(Captioned web image data)
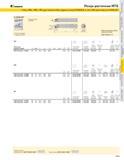 229 KENNAMETAL Резцы расточные MTS Тип1 -MX-MN -IMF для пластин без задних углов KENDEXa тип -МА для пластин KENLOC S-CELN 95 Стальная оправка с подводом Каталог KENNAMETAL 2004 Режущий инструмент для точения обработки канавок и нарезания резьбы Стр. A213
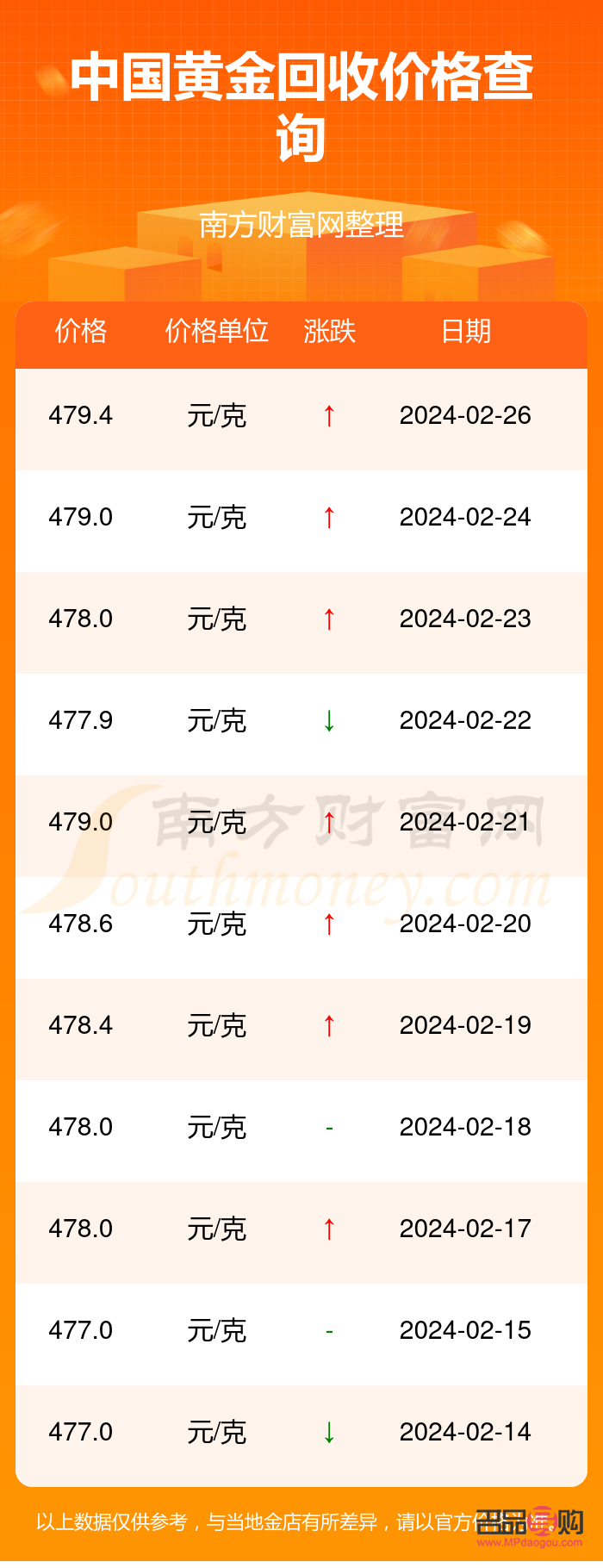 <h3>中国黄金投资金条回收今日价格表详解</h3> <h3>中国黄金投资金条回收今日价格表详解</h3>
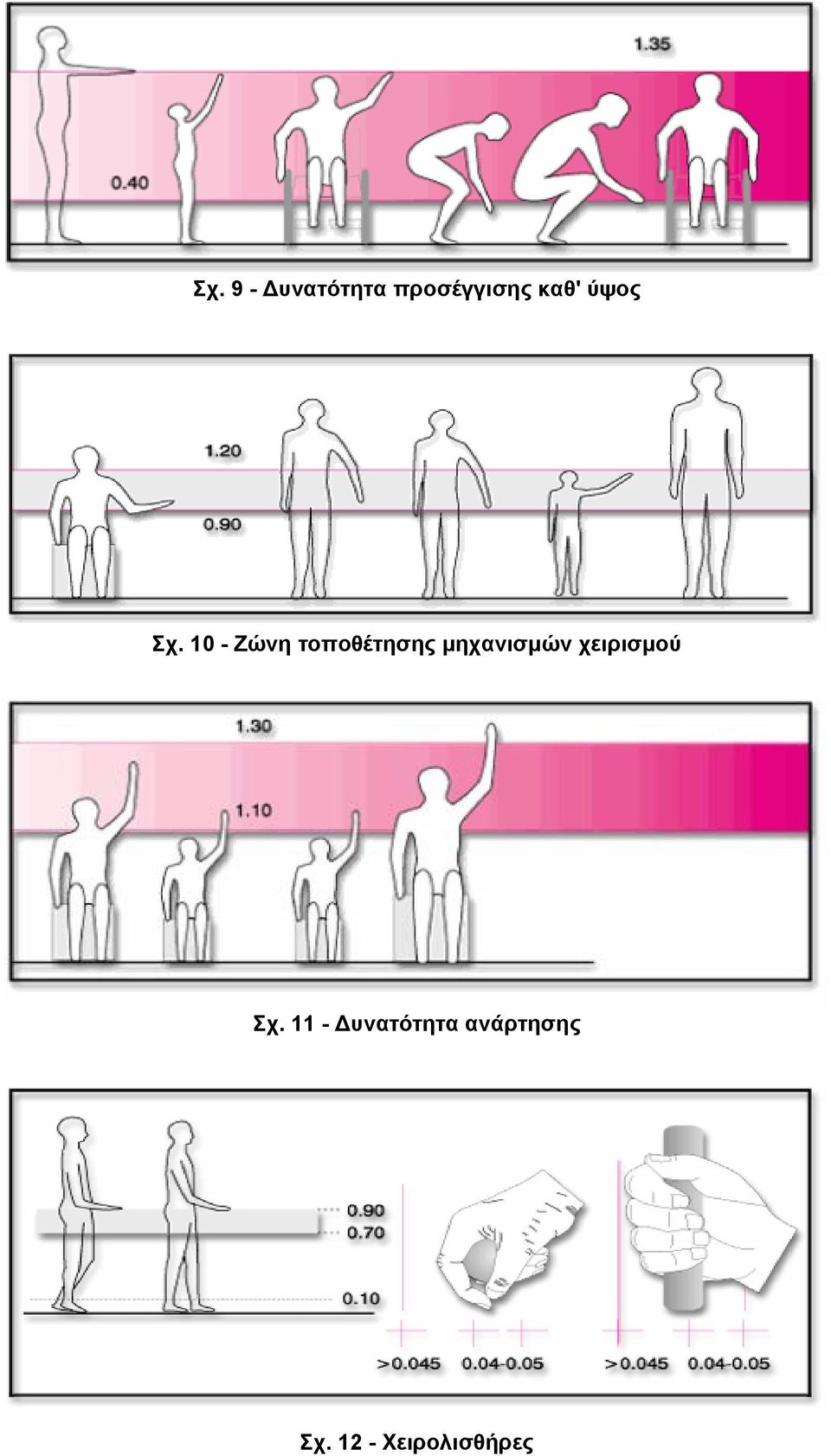 10 - Ζώνη τοποθέτησης µηχανισµών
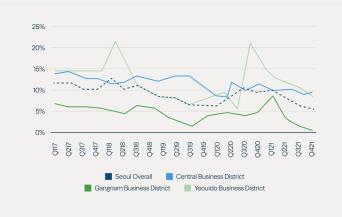 Figure 3: Class A Vacancy Rates Are Falling in Seoul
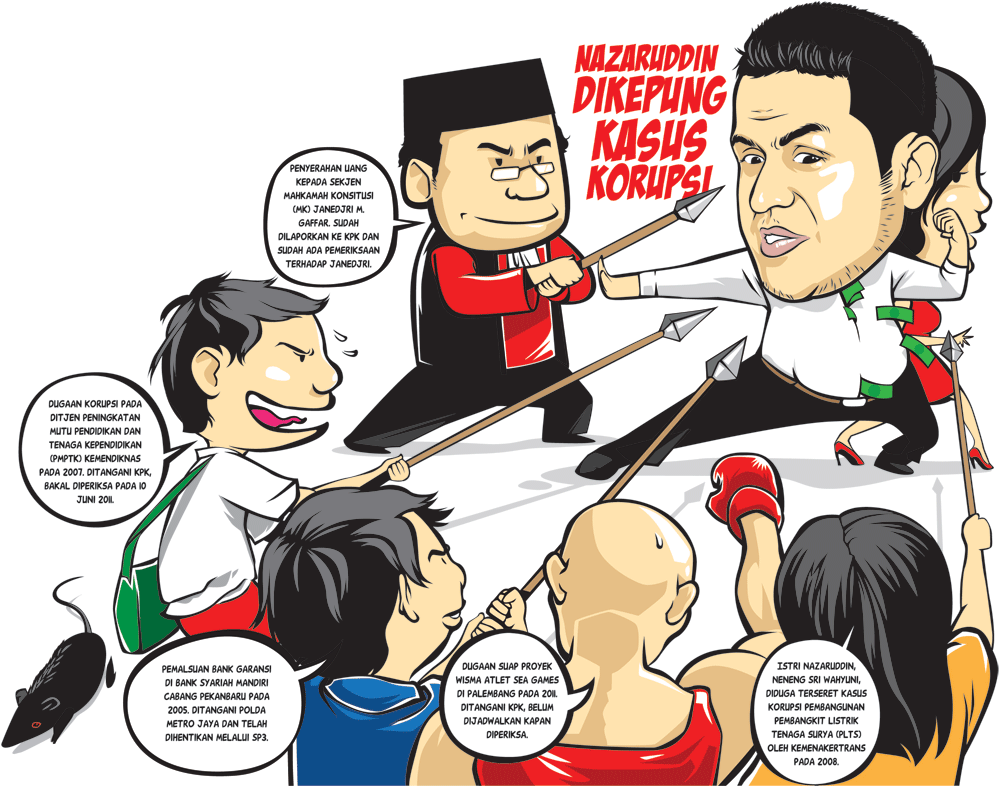 7 Top Names In The Category Of Corruption In Indonesia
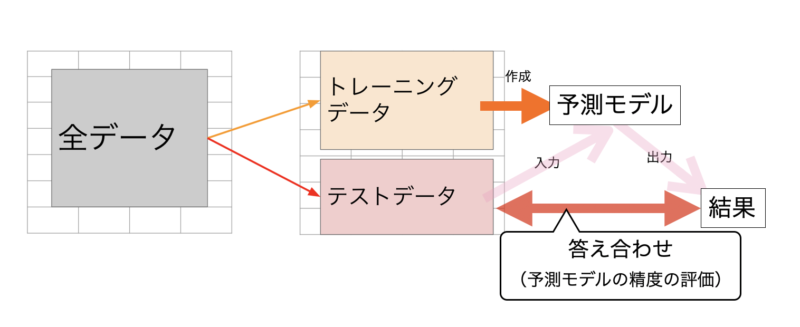 ホールドアウト法 と 交差検証法 の違い コンパクトなデータ活用サイト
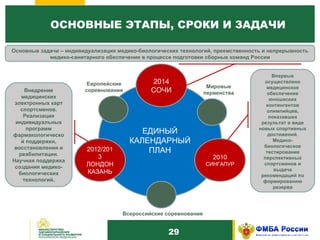 29 ОСНОВНЫЕ ЭТАПЫ, СРОКИ И ЗАДАЧИ 1 2 Европейские соревнования ЕДИНЫЙ КАЛЕНДАРНЫЙ ПЛАН 2014 СОЧИ 2012 /2013 ЛОНДОН КАЗАНЬ 2010 СИНГАПУР Мировые первенства Всероссийские соревнования Основные задачи – индивидуализация медико-биологических технологий, преемственность и непрерывность медико-санитарного обеспечения в процессе подготовки сборных команд России Внедрение медицинских электронных карт спортсменов. Реализация индивидуальных программ фармакологической поддержки, восстановления и реабилитации. Научная поддержка создания медико-биологических технологий. Впервые осуществлено медицинское обеспечение юношеских контингентов олимпийцев, показавших результат в виде новых спортивных достижений. Медико-биологическое тестирование перспективных спортсменов и выдача рекомендаций по формированию резерва 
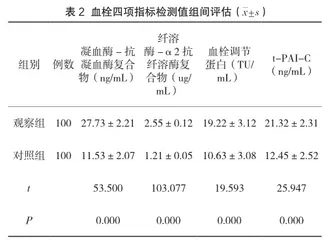凝血检验指标在弥漫性血管内凝血诊断中的应用研究2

◆ **EXERCISE GOAL**
Would you please print the entries once more, word for word, minus the pictures?

◆ **TASK OUTPUT**
 229 KENNAMETAL Резцы расточные MTS Тип1 -MX-MN -IMF для пластин без задних углов KENDEXa тип -МА для пластин KENLOC S-CELN 95 Стальная оправка с подводом Каталог KENNAMETAL 2004 Режущий инструмент для точения обработки канавок и нарезания резьбы Стр. A213
 <h3>中国黄金投资金条回收今日价格表详解</h3> <h3>中国黄金投资金条回收今日价格表详解</h3>
 10 - Ζώνη τοποθέτησης µηχανισµών
 Figure 3: Class A Vacancy Rates Are Falling in Seoul
 7 Top Names In The Category Of Corruption In Indonesia
 ホールドアウト法 と 交差検証法 の違い コンパクトなデータ活用サイト
 29 ОСНОВНЫЕ ЭТАПЫ, СРОКИ И ЗАДАЧИ 1 2 Европейские соревнования ЕДИНЫЙ КАЛЕНДАРНЫЙ ПЛАН 2014 СОЧИ 2012 /2013 ЛОНДОН КАЗАНЬ 2010 СИНГАПУР Мировые первенства Всероссийские соревнования Основные задачи – индивидуализация медико-биологических технологий, преемственность и непрерывность медико-санитарного обеспечения в процессе подготовки сборных команд России Внедрение медицинских электронных карт спортсменов. Реализация индивидуальных программ фармакологической поддержки, восстановления и реабилитации. Научная поддержка создания медико-биологических технологий. Впервые осуществлено медицинское обеспечение юношеских контингентов олимпийцев, показавших результат в виде новых спортивных достижений. Медико-биологическое тестирование перспективных спортсменов и выдача рекомендаций по формированию резерва 
凝血检验指标在弥漫性血管内凝血诊断中的应用研究2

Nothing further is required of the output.